| Required action |
Repeat the records below verbatim, and do not copy their pictures.

=== Input ===

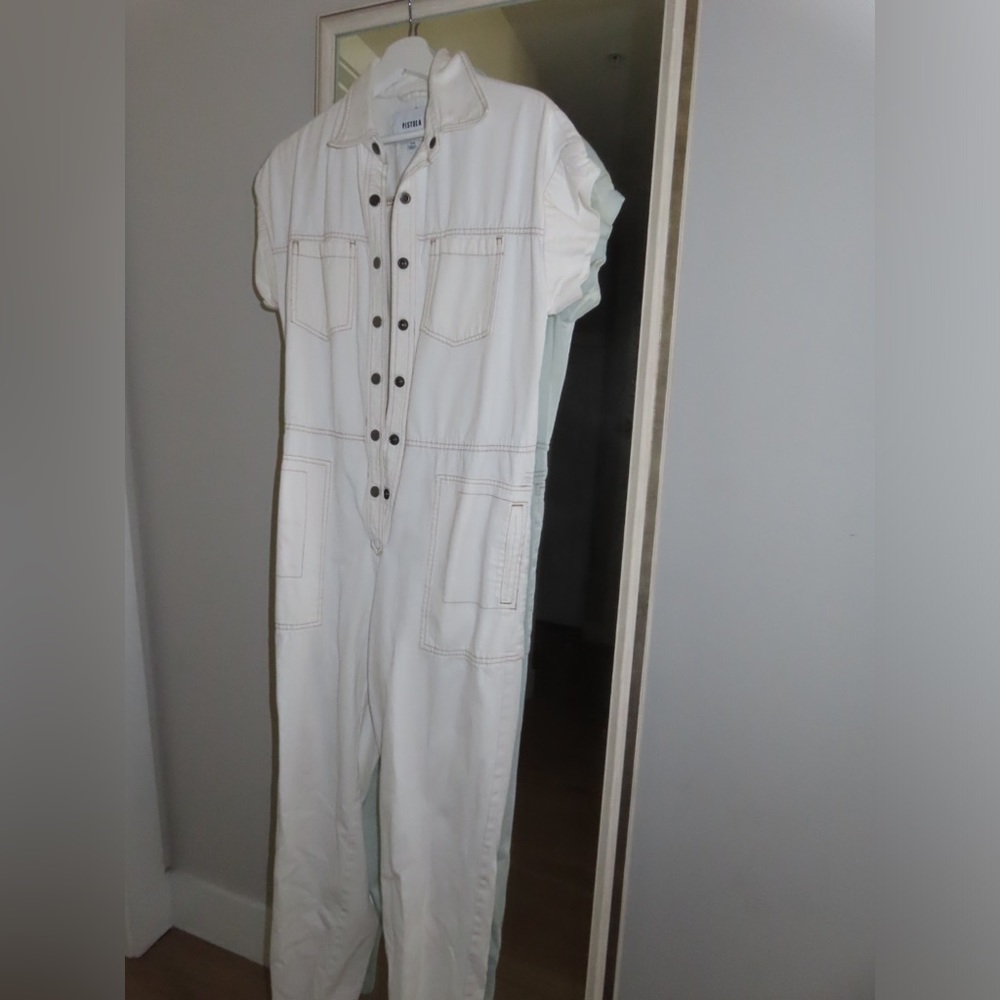 Pistola Denim Jumpsuit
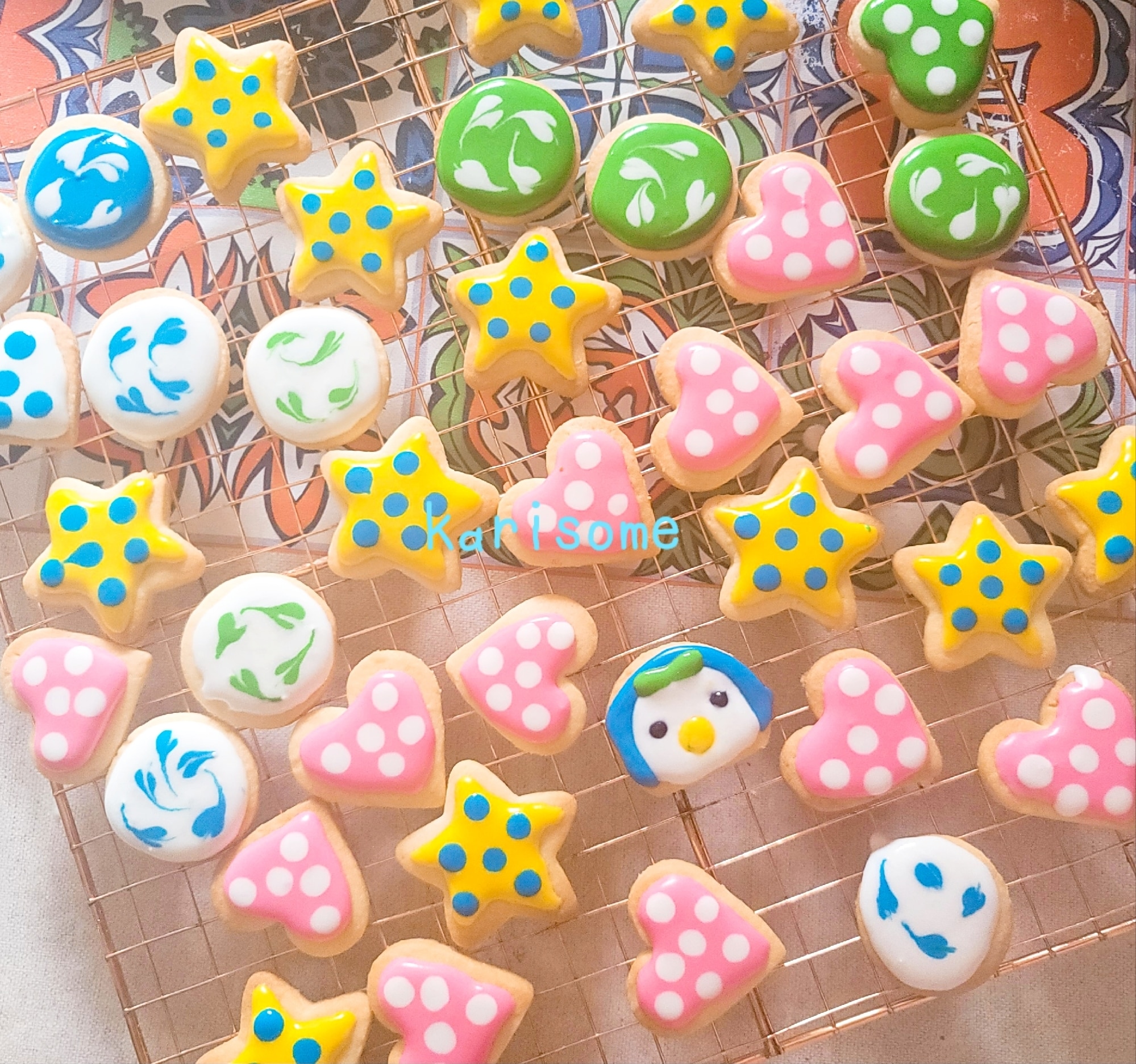 アイシングクッキー♪♪ レシピ・作り方 by かりそめ太郎 - 楽天レシピ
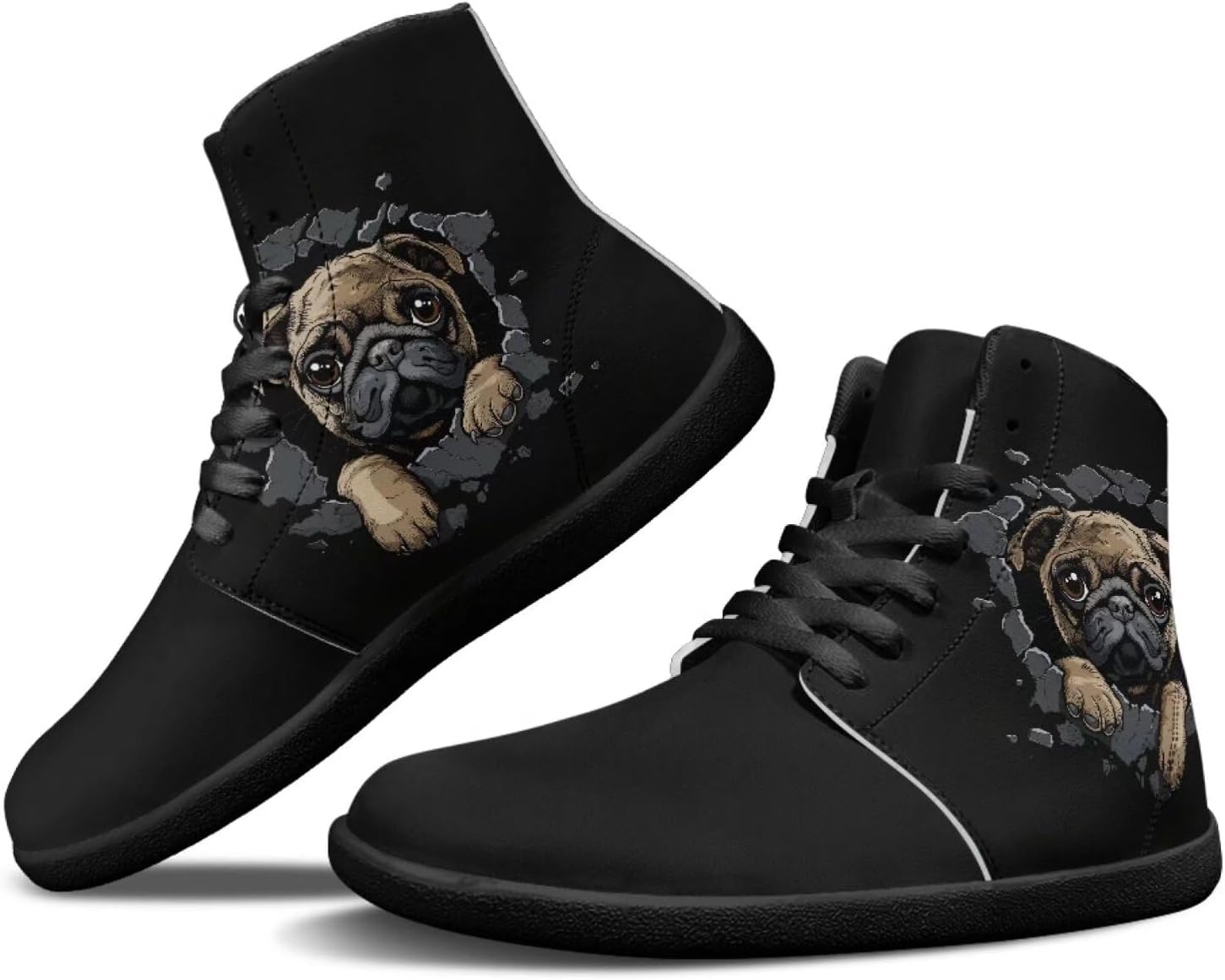 Мужские обувь Binienty Barefoot с широкой пяткой, высокие кеды с ПУ, минималистичные кроссовки с нулевым перепадом для активного отдыха, Pug
Мужские обувь Binienty Barefoot с широкой пяткой, высокие кеды с ПУ, минималистичные кроссовки с нулевым перепадом для активного отдыха, Pug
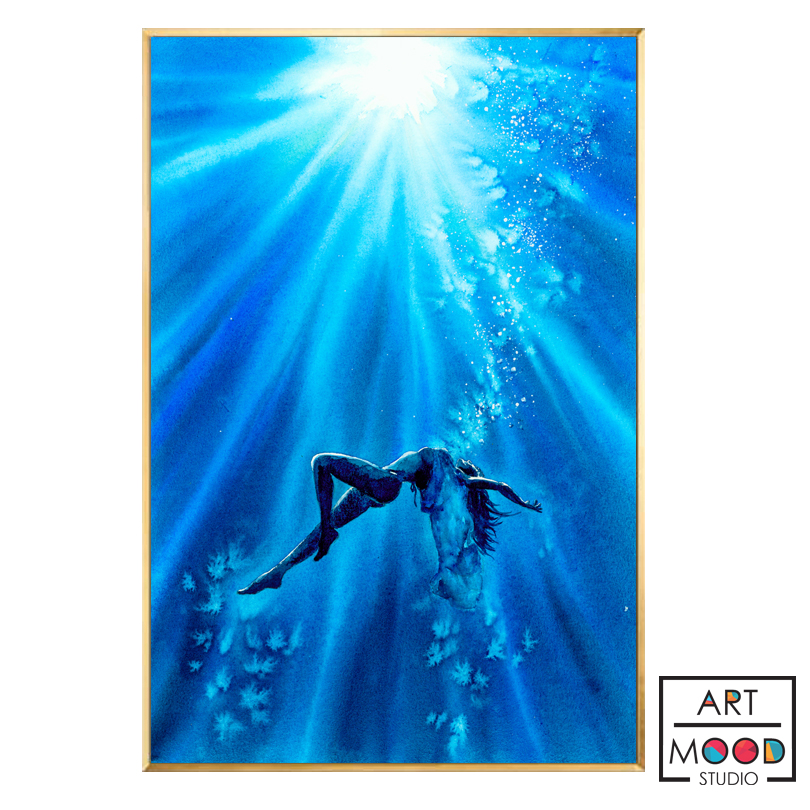 КАРТИНА DROWNING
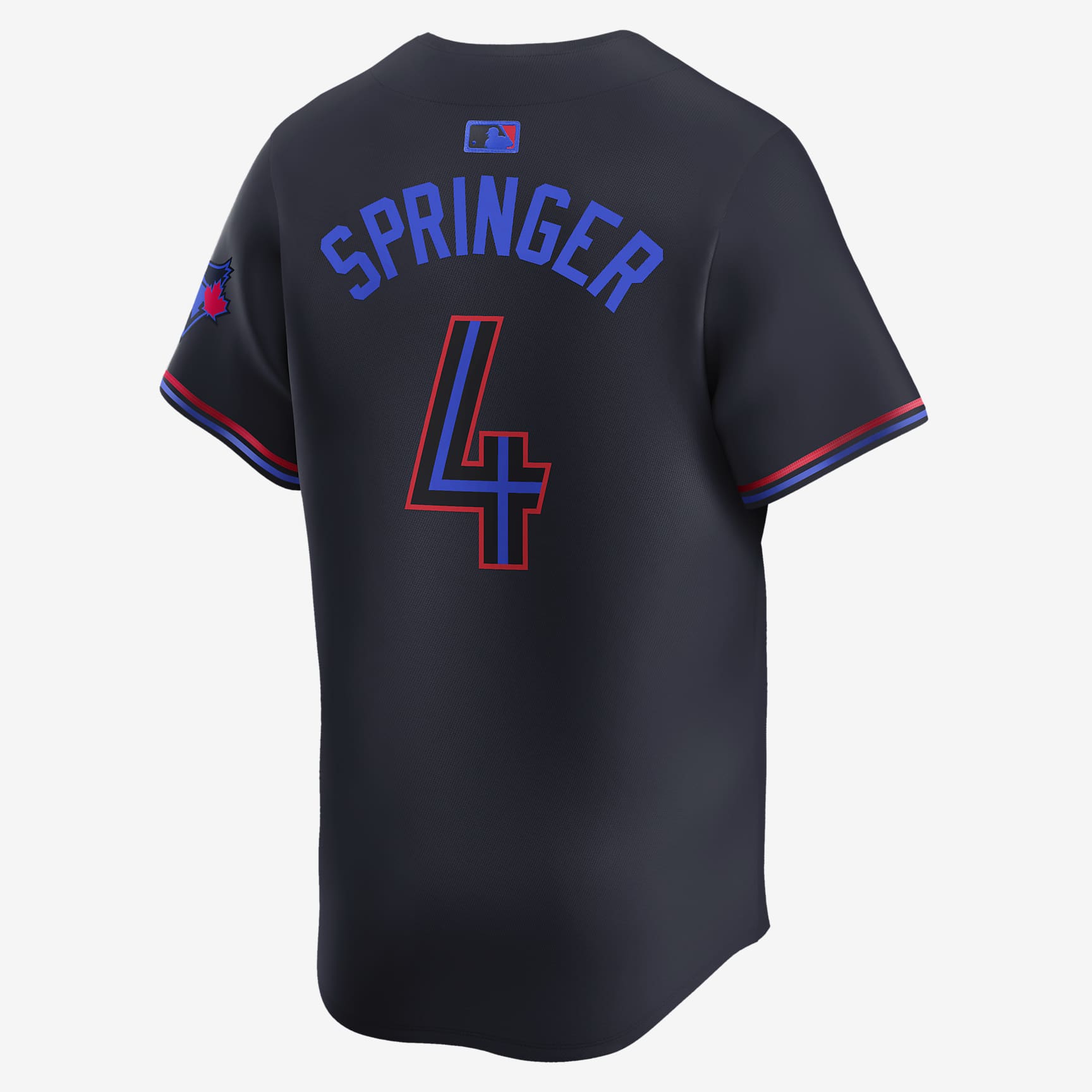 George Springer Toronto Blue Jays City Connect Men's Nike Dri-FIT ADV MLB Limited Jersey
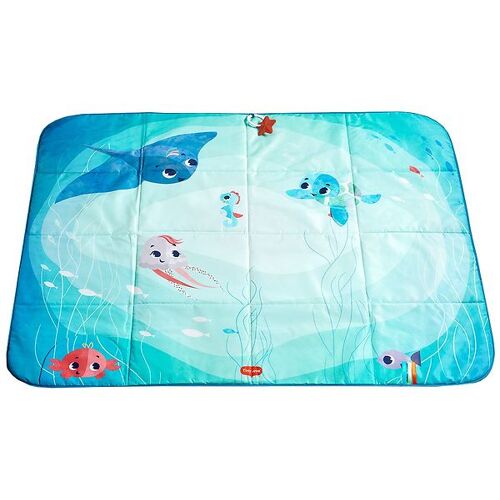 Tiny Love Spielteppich - Outdoor Picknickmatte Ocean - One Size - Tiny Love Spielteppiche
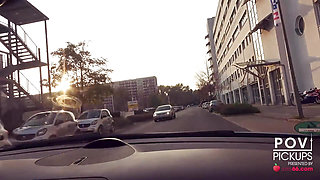 Public Sex With 2 Women In The Middle Of Berlin, Germany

===

| Response for this exercise |
 Pistola Denim Jumpsuit
 アイシングクッキー♪♪ レシピ・作り方 by かりそめ太郎 - 楽天レシピ
 Мужские обувь Binienty Barefoot с широкой пяткой, высокие кеды с ПУ, минималистичные кроссовки с нулевым перепадом для активного отдыха, Pug
Мужские обувь Binienty Barefoot с широкой пяткой, высокие кеды с ПУ, минималистичные кроссовки с нулевым перепадом для активного отдыха, Pug
 КАРТИНА DROWNING
 George Springer Toronto Blue Jays City Connect Men's Nike Dri-FIT ADV MLB Limited Jersey
 Tiny Love Spielteppich - Outdoor Picknickmatte Ocean - One Size - Tiny Love Spielteppiche
 Public Sex With 2 Women In The Middle Of Berlin, Germany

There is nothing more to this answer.